Let me tell you, having a designated parking space has been a life-changing event – literally. No longer do I have to limit my summer weekend travels to wherever I can bike to or late Sunday evenings on the off-chance that I just might find a spot when I get home with the exodus of the day-trippers. Now I can freely leave my house for errands, pick-ups or even just on a whim.
As a result, I have actually managed to have some semblance of a social life this summer!! Movies, concerts, visits with friends – soon the powers-that-be will have to revoke my “hermit card”! (And I can no longer use “parking” as an excuse to avoid socializing!)
It’s especially great when I get to spend time with people whose company I really enjoy, and who I don’t get to see as often as I’d like. Case in point was this past week, when my friend Wendy flew up from North Carolina and our mutual friend Sue came out for the day from New Jersey. In this instance, it wasn’t lack of parking that had prevented our get-together: it was distance and time – too much of one, not enough of the other. Even while ostensibly enjoying a couple of days of relaxing conversation, all three of us managed to find some time to do work. For Sue, it was trouble-shooting calls for the au pair agency for which she is a regional representative with over 70 families to coordinate and appease (very impressive). For Wendy, it was catching up on some online college assignments as she pursues an advanced degree in nursing while regaining her strength and stamina after a long illness (also impressive). For me, it was the same old nonsense, and even though it was the slowest week of the legal year (the last week of August before Labor Day), I still had a few cross-border emails to address. But for the most part, we played with the animals (Sue brought her mini-poodle Leaf and I also picked up a tiny tortie kitten named Gigi to clear out a cage at the shelter to make room for the animals our shelter director was bringing back from Houston following Harvey), ate out and enjoyed some adult beverages, and mostly talked and talked and talked, catching up on years’ worth of each others’ lives. I loved being with people I’ve known for decades, with whom I feel comfortable enough to discuss literally ANYTHING, with many shared memories and a shared political and ethical mindset. As far as I was concerned, it was pure bliss and I only wish it could have lasted longer.

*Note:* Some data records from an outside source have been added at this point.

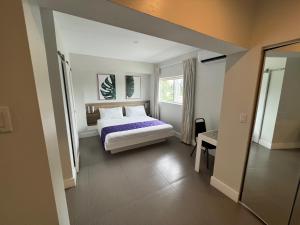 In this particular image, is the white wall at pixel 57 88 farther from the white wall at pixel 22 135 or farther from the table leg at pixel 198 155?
the table leg at pixel 198 155

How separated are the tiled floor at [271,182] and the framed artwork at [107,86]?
3937mm

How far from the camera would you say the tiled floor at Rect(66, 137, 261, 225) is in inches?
61.2

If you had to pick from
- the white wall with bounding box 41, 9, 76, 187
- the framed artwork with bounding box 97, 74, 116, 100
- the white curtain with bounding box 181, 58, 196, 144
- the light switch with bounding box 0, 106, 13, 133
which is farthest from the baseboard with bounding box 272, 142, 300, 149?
the framed artwork with bounding box 97, 74, 116, 100

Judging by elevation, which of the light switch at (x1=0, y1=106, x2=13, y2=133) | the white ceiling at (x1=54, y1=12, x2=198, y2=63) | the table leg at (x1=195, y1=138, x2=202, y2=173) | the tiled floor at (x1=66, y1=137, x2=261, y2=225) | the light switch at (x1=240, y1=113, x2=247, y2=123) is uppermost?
the white ceiling at (x1=54, y1=12, x2=198, y2=63)

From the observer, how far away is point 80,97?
3947 mm

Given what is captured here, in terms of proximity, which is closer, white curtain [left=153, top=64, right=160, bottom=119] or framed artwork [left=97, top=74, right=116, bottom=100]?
framed artwork [left=97, top=74, right=116, bottom=100]

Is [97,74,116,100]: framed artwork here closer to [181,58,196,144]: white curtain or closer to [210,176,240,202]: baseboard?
[181,58,196,144]: white curtain

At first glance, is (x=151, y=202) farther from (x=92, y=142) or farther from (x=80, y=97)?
(x=80, y=97)

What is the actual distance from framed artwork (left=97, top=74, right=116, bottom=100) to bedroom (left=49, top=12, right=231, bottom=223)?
3cm

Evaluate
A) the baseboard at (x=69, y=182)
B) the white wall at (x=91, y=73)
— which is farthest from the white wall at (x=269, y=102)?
the white wall at (x=91, y=73)

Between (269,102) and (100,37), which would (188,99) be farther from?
(100,37)

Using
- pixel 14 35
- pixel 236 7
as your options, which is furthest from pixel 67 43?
pixel 236 7

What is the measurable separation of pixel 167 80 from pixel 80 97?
2.82 meters

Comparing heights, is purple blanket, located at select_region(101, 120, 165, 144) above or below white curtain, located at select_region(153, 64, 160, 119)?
below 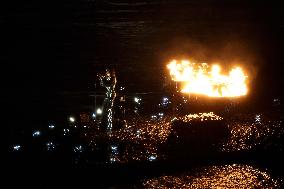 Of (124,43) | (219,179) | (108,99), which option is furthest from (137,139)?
(124,43)

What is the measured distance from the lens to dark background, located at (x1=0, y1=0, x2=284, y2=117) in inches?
692

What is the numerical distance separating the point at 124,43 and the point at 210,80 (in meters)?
6.50

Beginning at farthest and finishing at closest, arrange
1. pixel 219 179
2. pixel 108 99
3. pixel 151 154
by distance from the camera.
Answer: pixel 108 99
pixel 151 154
pixel 219 179

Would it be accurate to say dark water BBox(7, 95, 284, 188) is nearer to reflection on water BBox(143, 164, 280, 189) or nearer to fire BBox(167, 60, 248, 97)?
reflection on water BBox(143, 164, 280, 189)

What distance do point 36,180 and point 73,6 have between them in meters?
17.6

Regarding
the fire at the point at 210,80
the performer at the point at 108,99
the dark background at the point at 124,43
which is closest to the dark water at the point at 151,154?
the performer at the point at 108,99

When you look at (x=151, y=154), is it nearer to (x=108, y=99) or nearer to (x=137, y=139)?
(x=137, y=139)

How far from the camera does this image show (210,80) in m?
16.1

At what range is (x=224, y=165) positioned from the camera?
36.4 feet

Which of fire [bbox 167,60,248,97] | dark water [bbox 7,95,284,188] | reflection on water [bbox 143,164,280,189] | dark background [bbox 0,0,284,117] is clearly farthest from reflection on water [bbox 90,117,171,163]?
dark background [bbox 0,0,284,117]

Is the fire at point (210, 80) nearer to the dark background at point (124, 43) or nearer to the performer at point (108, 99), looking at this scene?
the dark background at point (124, 43)

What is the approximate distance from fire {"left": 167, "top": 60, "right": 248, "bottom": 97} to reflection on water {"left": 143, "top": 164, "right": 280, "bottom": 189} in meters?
4.99

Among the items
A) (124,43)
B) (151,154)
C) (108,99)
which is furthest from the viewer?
(124,43)

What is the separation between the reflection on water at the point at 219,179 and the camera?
1009 cm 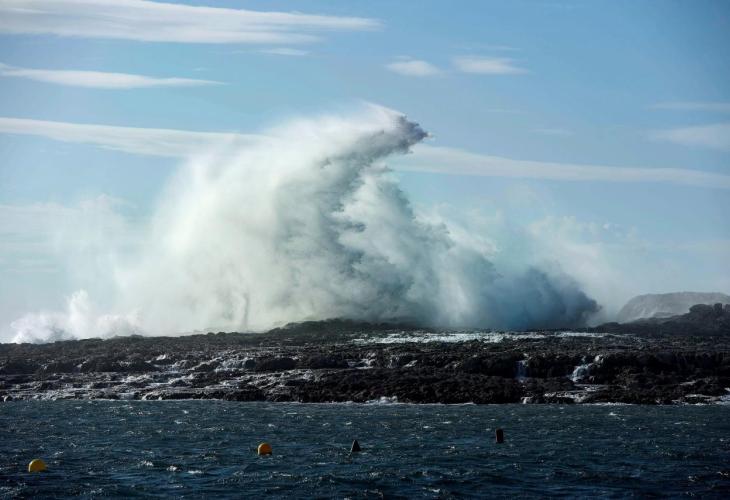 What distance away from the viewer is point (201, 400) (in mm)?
85438

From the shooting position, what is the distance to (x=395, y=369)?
90000 millimetres

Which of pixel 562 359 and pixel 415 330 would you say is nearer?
pixel 562 359

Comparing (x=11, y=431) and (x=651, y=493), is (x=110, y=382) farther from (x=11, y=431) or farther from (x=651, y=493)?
(x=651, y=493)

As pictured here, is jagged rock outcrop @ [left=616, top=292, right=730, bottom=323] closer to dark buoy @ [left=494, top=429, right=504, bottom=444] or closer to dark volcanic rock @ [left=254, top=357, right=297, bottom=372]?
dark volcanic rock @ [left=254, top=357, right=297, bottom=372]

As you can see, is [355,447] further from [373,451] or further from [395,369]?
[395,369]

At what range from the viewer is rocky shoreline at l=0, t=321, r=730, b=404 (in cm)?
8112

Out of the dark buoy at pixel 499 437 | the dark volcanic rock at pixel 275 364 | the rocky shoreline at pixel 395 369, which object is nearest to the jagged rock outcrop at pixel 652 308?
the rocky shoreline at pixel 395 369

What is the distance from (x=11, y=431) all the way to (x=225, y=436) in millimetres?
13576

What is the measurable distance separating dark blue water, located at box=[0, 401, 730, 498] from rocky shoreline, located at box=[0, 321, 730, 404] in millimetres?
6442

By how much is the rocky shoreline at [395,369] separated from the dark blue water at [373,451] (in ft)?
21.1

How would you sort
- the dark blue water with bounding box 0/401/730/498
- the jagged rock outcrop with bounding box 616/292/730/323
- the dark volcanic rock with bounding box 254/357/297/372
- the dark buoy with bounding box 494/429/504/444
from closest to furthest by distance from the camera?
the dark blue water with bounding box 0/401/730/498 < the dark buoy with bounding box 494/429/504/444 < the dark volcanic rock with bounding box 254/357/297/372 < the jagged rock outcrop with bounding box 616/292/730/323

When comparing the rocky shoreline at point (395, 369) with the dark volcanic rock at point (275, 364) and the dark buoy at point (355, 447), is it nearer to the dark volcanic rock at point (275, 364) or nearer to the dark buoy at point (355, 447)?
the dark volcanic rock at point (275, 364)

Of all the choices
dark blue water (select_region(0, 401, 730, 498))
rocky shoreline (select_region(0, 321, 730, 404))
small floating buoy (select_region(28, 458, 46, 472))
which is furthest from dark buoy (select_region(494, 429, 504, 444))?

On Friday, Wendy and I went into the city to meet her mom Marilyn and walked around the 9/11 Memorial site, looking for people’s names engraved on the walls of the reflecting pools. Wendy had actually been at work that dreadful day, in the World Financial Center, just a skybridge away from the World Trade Center, and she retold the harrowing tale of getting out of town that day, of seeing the towers fall and the horror of people jumping, billions of bits of paper filling the sky like toxic snow. If I wasn’t with two such lovely people, such a discussion would have been a bit of a downer. But it was a beautiful late-summer day, with signs of the city’s renewal all around us, and we ate lunch along the Hudson and talked about politics and TV shows and dogs and how the world manages to carry on despite disasters like 9/11 and Trump.
As we were getting ready to board the E train to take us to Penn Station and Port Authority Bus Terminal, respectively, to sadly go our separate ways, we happened to walk past a tiny shop in the brand new Oculus, the mall/transportation hub near the 9/11 Memorial. It was called Penhaligon’s, a perfumery established in 1870 in London. An impeccably dressed and well-spoken fellow named Anthony proceeded to ask us our favorite scents and matched each of us PERFECTLY with a particular perfume, tying a little silk square scarf doused with our selected fragrance around each of our wrists. I have been searching for a signature scent for most of my life (Love’s Baby Soft, anyone?) and I think I have finally found it: Penhaligon’s Empressa, a patchouli base with infusions of sandalwood, coconut and vanilla. AND IT LASTED ALL DAY, which is the true test of a signature scent. I have promised to buy it for myself for my birthday. At $175 a bottle, it had better last a few years!!
So the hermit has officially emerged, and it turned out to be a fine summer, highlighted by a glorious couple of days with some of my best friends in the world. I should really try it more often!